### AIM OF THE EXERCISE
After reading the records, print them all again exactly as they stand.

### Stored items
________________________

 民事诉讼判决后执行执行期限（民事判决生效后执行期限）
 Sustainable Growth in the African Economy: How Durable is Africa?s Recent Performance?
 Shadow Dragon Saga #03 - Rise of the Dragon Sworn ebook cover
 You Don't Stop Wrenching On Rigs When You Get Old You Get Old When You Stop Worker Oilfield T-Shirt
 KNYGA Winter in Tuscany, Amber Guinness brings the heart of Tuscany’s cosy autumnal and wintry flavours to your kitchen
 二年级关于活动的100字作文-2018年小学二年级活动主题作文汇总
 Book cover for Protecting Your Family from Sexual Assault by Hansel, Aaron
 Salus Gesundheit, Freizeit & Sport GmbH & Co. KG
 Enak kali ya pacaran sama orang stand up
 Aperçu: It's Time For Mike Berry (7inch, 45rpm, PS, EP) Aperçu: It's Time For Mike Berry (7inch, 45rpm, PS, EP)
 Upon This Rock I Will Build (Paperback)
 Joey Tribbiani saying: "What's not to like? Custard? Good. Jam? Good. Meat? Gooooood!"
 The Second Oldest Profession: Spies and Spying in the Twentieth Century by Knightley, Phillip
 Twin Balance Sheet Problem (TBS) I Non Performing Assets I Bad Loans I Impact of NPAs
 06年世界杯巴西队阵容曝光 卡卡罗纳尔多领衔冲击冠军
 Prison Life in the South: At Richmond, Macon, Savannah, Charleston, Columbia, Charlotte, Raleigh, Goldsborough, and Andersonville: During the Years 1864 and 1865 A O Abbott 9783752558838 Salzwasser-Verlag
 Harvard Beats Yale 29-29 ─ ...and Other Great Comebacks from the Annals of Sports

________________________

### EXERCISE OUTPUT
 民事诉讼判决后执行执行期限（民事判决生效后执行期限）
 Sustainable Growth in the African Economy: How Durable is Africa?s Recent Performance?
 Shadow Dragon Saga #03 - Rise of the Dragon Sworn ebook cover
 You Don't Stop Wrenching On Rigs When You Get Old You Get Old When You Stop Worker Oilfield T-Shirt
 KNYGA Winter in Tuscany, Amber Guinness brings the heart of Tuscany’s cosy autumnal and wintry flavours to your kitchen
 二年级关于活动的100字作文-2018年小学二年级活动主题作文汇总
 Book cover for Protecting Your Family from Sexual Assault by Hansel, Aaron
 Salus Gesundheit, Freizeit & Sport GmbH & Co. KG
 Enak kali ya pacaran sama orang stand up
 Aperçu: It's Time For Mike Berry (7inch, 45rpm, PS, EP) Aperçu: It's Time For Mike Berry (7inch, 45rpm, PS, EP)
 Upon This Rock I Will Build (Paperback)
 Joey Tribbiani saying: "What's not to like? Custard? Good. Jam? Good. Meat? Gooooood!"
 The Second Oldest Profession: Spies and Spying in the Twentieth Century by Knightley, Phillip
 Twin Balance Sheet Problem (TBS) I Non Performing Assets I Bad Loans I Impact of NPAs
 06年世界杯巴西队阵容曝光 卡卡罗纳尔多领衔冲击冠军
 Prison Life in the South: At Richmond, Macon, Savannah, Charleston, Columbia, Charlotte, Raleigh, Goldsborough, and Andersonville: During the Years 1864 and 1865 A O Abbott 9783752558838 Salzwasser-Verlag
 Harvard Beats Yale 29-29 ─ ...and Other Great Comebacks from the Annals of Sports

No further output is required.